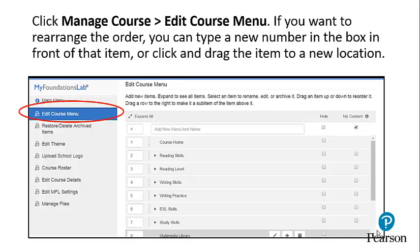If you want to rearrange the order of your tabs, you can type a new number in the box in front of the item, or click and drag the item to a new location.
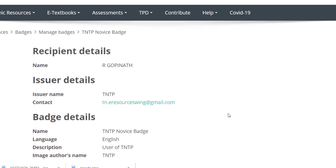You can download the TNTP Novice Badge. You can register as a member in TNTP. If you log in to TNTP, you can register using all these buttons. Here are the student's details.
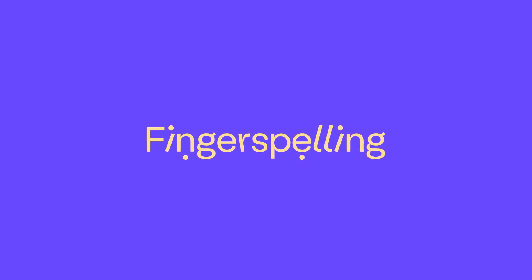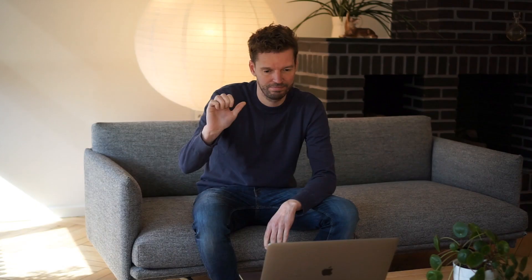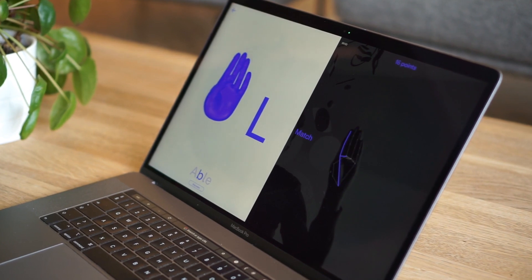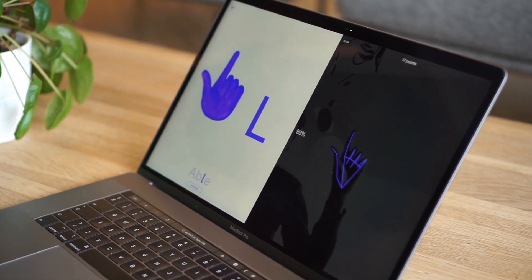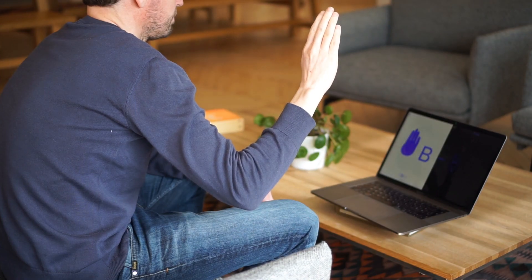we created fingerspelling.xyz, a browser-based app that uses your webcam and machine learning to analyze your hand shapes so that you can learn to sign the ASL alphabet correctly.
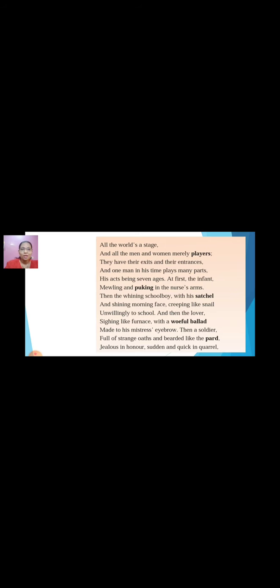The fourth stage is the soldier: 'Then a soldier, full of strange oaths and bearded like the pard, jealous in honour, sudden and quick in quarrel.' The pard is short for leopard. Full of strange oaths means he has so many ambitions to fulfill, and strength like the leopard. In this stage you want to earn your name and fame, earn success, have a house, be settled in life, and you can get angry very fast.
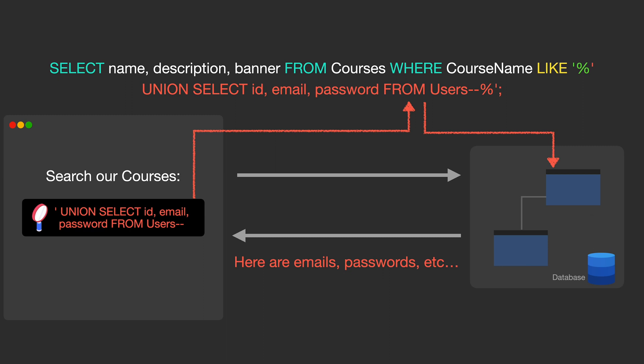This would not only return courses from the database, but it would also return IDs, emails, and passwords from the users table. We've allowed a complete stranger to change what our application is sending to the database, which could allow them to extract data from that database that they should not be able to see, such as passwords, emails, credit cards, etc. And that's how many very expensive data leaks have happened.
----------------
AIM OF THE EXERCISE: Find the line that has "we created fingerspelling.xyz, a" in the listing, then retype it and each later line up to the last, exactly. Leave pictures out.

THE COMPLETED TASK:
we created fingerspelling.xyz, a browser-based app that uses your webcam and machine learning to analyze your hand shapes so that you can learn to sign the ASL alphabet correctly.
The fourth stage is the soldier: 'Then a soldier, full of strange oaths and bearded like the pard, jealous in honour, sudden and quick in quarrel.' The pard is short for leopard. Full of strange oaths means he has so many ambitions to fulfill, and strength like the leopard. In this stage you want to earn your name and fame, earn success, have a house, be settled in life, and you can get angry very fast.
This would not only return courses from the database, but it would also return IDs, emails, and passwords from the users table. We've allowed a complete stranger to change what our application is sending to the database, which could allow them to extract data from that database that they should not be able to see, such as passwords, emails, credit cards, etc. And that's how many very expensive data leaks have happened.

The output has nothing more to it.